Missouri is home to two types of crappie; white crappie (Pomoxis annularis) and black crappie (Pomoxis nigromaculatus). Both can be found in reservoirs throughout the state, but white crappie tend to be more abundant in most areas.
Crappie do not school, but instead congregate in loose aggregations around submerged trees, boat docks and other suitable cover. They feed primarily on small fish, aquatic insects and micro-crustaceans. The proportions of these food staples vary with locality, season and the age of the crappie. Adults depend heavily on small fish. Small gizzard shad and threadfin shad are the staple food item for adult crappie in many reservoirs.
In spring, crappie often build nests in coves that are protected from wave action. Many nests are sometimes concentrated in the same cove. Males fan out nests in water ranging from a few inches to up to 20 feet in depth. The spawning depth depends on water clarity (i.e., the clearer the water, the deeper the spawning depth.) The most favored nest sites are near a log or other large object, on a substrate consisting of fine gravel or finely divided plant roots for the attachment of the eggs.
Anglers can determine the spawning depth by lowering a white jig or similar object into the water and measure the depth when it disappears. Crappies usually spawn at that depth and up to three or four feet deeper. Once you catch a spawning crappie, more will often be in that area.
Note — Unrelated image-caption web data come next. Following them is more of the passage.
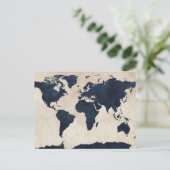 世界地図動揺して海軍 ポストカード (スタンド正面)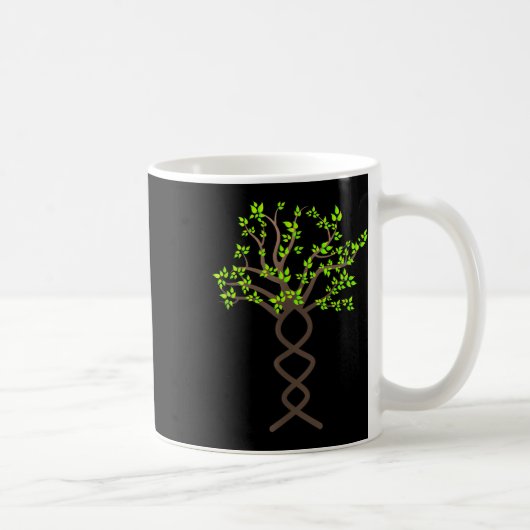 Tree Trees DNA Natuur Milieubescherming Koffiemok (Rechts)
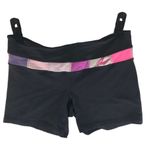 Lululemon Reverse Groove Shorts (Regular) Striped Black Pink Purple 8 Photo 0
Spawning crappie can be caught with jigs (1/32nd to 1/8th ounce), minnows or small crankbaits or spinners. Fish brushpiles and standing timber where crappie concentrate. During spring, you might find crappie grouped off the bank around brushy structure and suspended at about the same depth as other spawning fish. The Missouri Department of Conservation has placed brushpiles and other fish habitat structures in many Missouri lakes. These often hold large concentrations of crappie. A comprehensive map of these structures can be found at huntfish.mdc.mo.gov/fishing/where-fish
Anglers should remember that Table Rock Lake, Bull Shoals Lake and Stockton Lake have a 10-inch minimum length limit while Lake of the Ozarks, Pomme de Terre and Truman reservoirs have a nine-inch minimum limit. The reasons the length limits vary is because studies have shown the crappie in these respective reservoirs have different growth rates. The daily limit is 15 at all of the above-mentioned reservoirs.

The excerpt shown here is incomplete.